What would everyday life be like if we couldn’t count on the certainty of categories or determined boundaries? If a bird perches on my shoulder I remain human and it remains a bird. If I eat an apple or a steak, I don’t expect my arms to be transformed into branches, or my voice to turn into the lowing of a cow. If I cut my skin I know I will see muscles and blood there, and beneath them, bones.
This does not happen in Roberto Kusterle’s world. A world where no detail is anything other than a faithful copy of a natural object. A world inhabited by figures that remind us only too well of real men and women, but one that shatters any boundaries upon which we base our daily life.
Shattering boundaries doesn’t mean confusion, a chaotic tangle of elements. In these images the boundaries are shattered one at a time, each time dragging the viewer towards a subject that appears to offer certainties, but which then reveals a shattering of boundaries which is both enthralling and disorientating.
The basic element of this crossing of boundaries is the contrast between a living, humanoid exterior, and a dry, vegetable interior. It is an element which is so characteristic of Kusterle’s work as to be almost one of those “diagnostic features” that a naturalist would consider to identify the species. As soon as the viewer goes beyond the skin, this contrast leaves them unsteady on their feet. Beneath the skin there are no muscles, no bowels, no blood, instead there is a thick bundle of dried up branches where there can be no trace of human life.
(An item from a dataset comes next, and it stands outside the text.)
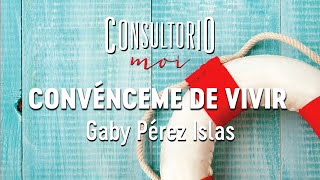 #ConsultorioMOI: convénceme de vivir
It is a space where a bird can make its nest, or where a small mammal can make its burrow. This is only the first step in the unrelenting shattering of boundaries by the artist. The next step is the bursting out from the apparent boundaries of the human shape, offshoots emerging from that barren inner world, dried branches, long enough for a bird to perch on. A bird that remains distinct from what is left of a man.
This is true of the second stage of this unsettling process. In the third stage, however, the artist’s hatchet falls on the material boundaries between man and animals, with their feathers or fur. It is almost too simple to substitute a part of the human body with the form of a bird, a mammal or a shell. Indeed Kusterle’s sophisticated approach finds other, more elegant, ways of eliminating the boundaries. An example is Night Flight, where the man and the nocturnal bird in his hands maintain their own distinct identities, apart from the thick coat of feathers which extends to cover the entire human figure with extraordinary naturalness.
In another series of images, where the idea of the double becomes the dominant theme, Kusterle strictly respects a fundamental law of human and animal teratology: the mirror symmetry that gives monsters an unexpected element of legitimacy. However in The White Mask the mirror image of the human head takes on the appearance of a ram’s skull: here there is not only an intermingling of species but also a more painful one between that which is alive and that which is dead, standing next to each other like symmetrical parts of the whole.
On the subject of symmetry Kusterle shows us a range of ideas, which are less disturbing, but which are much richer in geometric evocations, such as the double symmetry of Meeting in the Woods or the expanding spiral of Wedding Dance, where the winding together of human forms mingles with the spiralling spikes of the two large sea snails which blend with their hair.
There are three works (Fear of Seduction and the two versions of Holy/sacred? Wedding) where the boundaries between species is negated, but without calling into question the identities and distinct roles of male and female. As such there is at least one boundary which Kusterle refuses to eliminate: the boundary between man and woman, or at least what is left behind of a man or a woman after so many other boundaries have been broken.